5. Patients have taken the driver’s seat.
As a patient myself, this change is near to my heart, and a primary driver for decisions we make at Workit Health. COVID-19 has helped usher patients into the driver’s seat.
Maintaining long-term recovery, like treatment of any other chronic disease, requires healthy habits interwoven into a functional life, not just sobriety in the insulated capsule of inpatient treatment.
In addition to this new autonomy, telehealth has the potential to encourage the whole family system to recover. Over are the times where a thirty- to forty-five-day period of seclusion is necessary. If we can get help from the privacy of our own homes, perhaps our family systems can be better equipped with tools of their own.
6. We’re closer to one size fits one experience.
One size fits one and bespoke solutions are more achievable than ever. Rather than the bluntness of one size fits all solutions, this personalized care allows clinicians to understand the full context of a person’s care setting, from living situation to employment, to domestic relationships. It’s much easier to customize therapeutic tools & and even matters of occupational therapy (like where you keep your medications).

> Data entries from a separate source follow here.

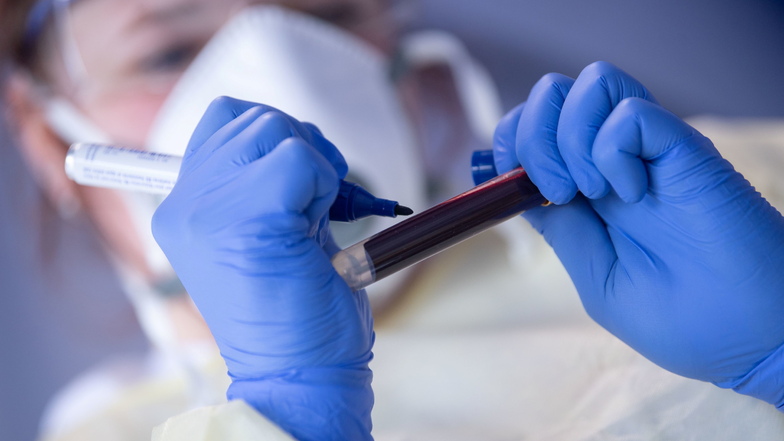 Eine Mitarbeiterin des Robert-Koch-Instituts beschriftet eine Blutprobe für einen Antikörpertest. Die Blutgruppe hat einen gewissen Einfluss auf das individuelle Corona-Infektionsrisiko. Die Inzidenz im Landkreis Meißen geht leicht zurück.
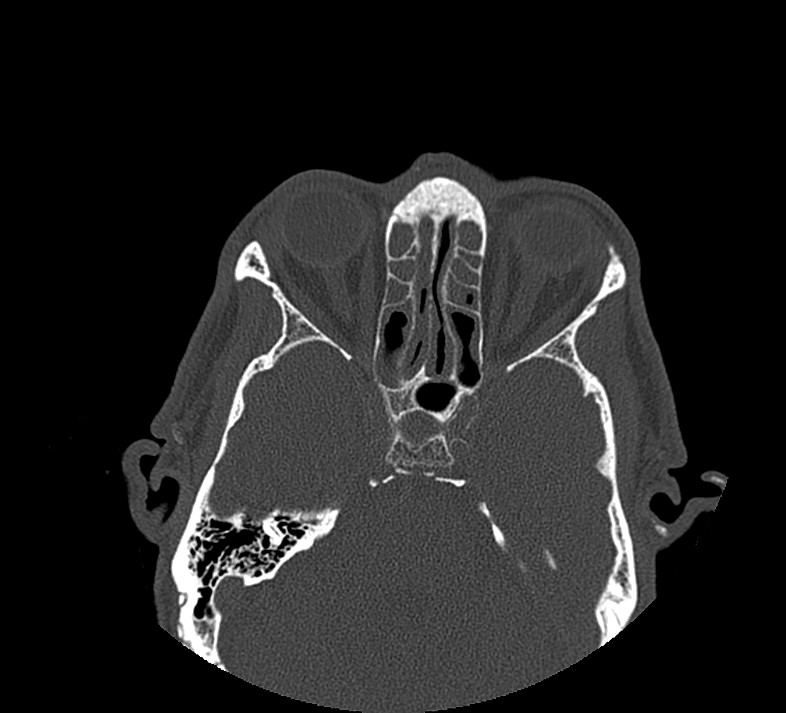 Aplastic maxillary sinuses (Radiopaedia 60030-67561 Axial non-contrast 49).jpg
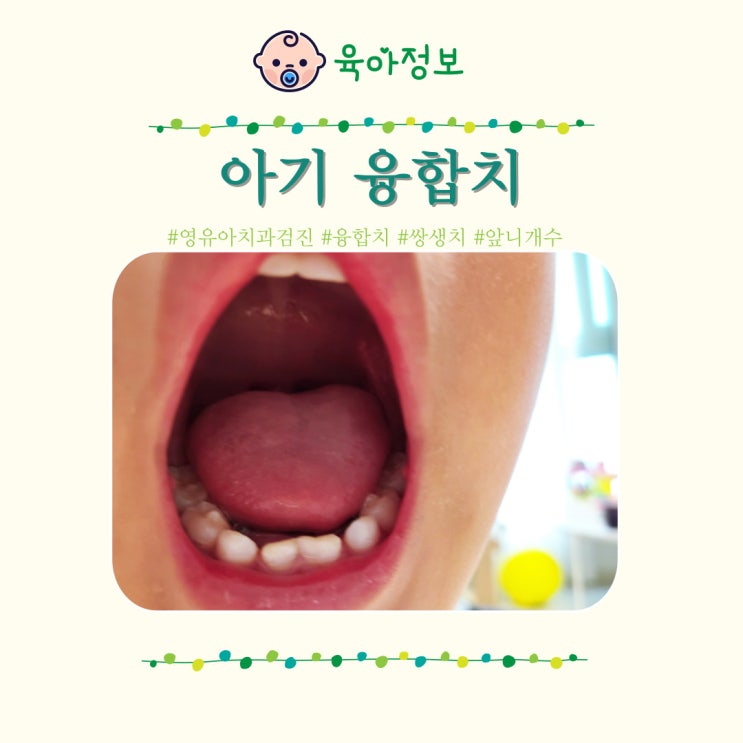  융합치 아기 앞니 개수 벌어짐, 영유아 치과검진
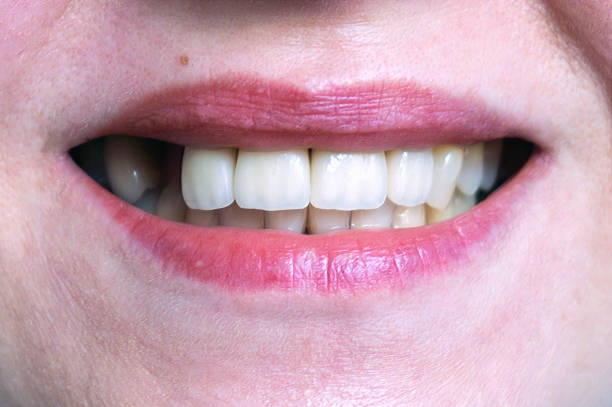 mouth with four prosthetic upper teeth - toothless grin imagens e fotografias de stock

7. We’re tearing down the stigma (at long last).
We’re normalizing treatment with FDA-approved medications, making care for addiction as simple as a video visit with your doctor. Understanding that disease is treatable with evidence-based interventions is a solid reminder to people still struggling and the public at large that addiction isn’t a matter of willpower or trying hard enough.
At Workit we understand that the stigma around addiction prevents many of us from attending an AA meeting down the street, or stopping midstream and telling our families “Hey you didn’t know this, but I drink myself to sleep every night, and I need to go away for thirty days.” We see our members evolve from their first interactions, which are often a Google search for help late at night, to completing a small digestible course setting goals for their own recovery, to a 1:1 conversation with a counselor, to finally joining an online recovery group. This is just one of the ways we meet people where they are, with the right type of intervention for their level of comfort around care and claiming recovery as their own.
*This list is by no means inclusive of all the myriad changes that have occurred in the past twelve months. It’s meant as a start only, and our work is far from over. The questions we should be asking now are, “How should we lock in these changes? How do we keep this pace of change despite the lessening of immediate threats? How do we as patients urge providers to continue advocating for telehealth parity despite health plans largely reimbursing more for in-patient protocols?”
We’ll be busy at Workit figuring this out.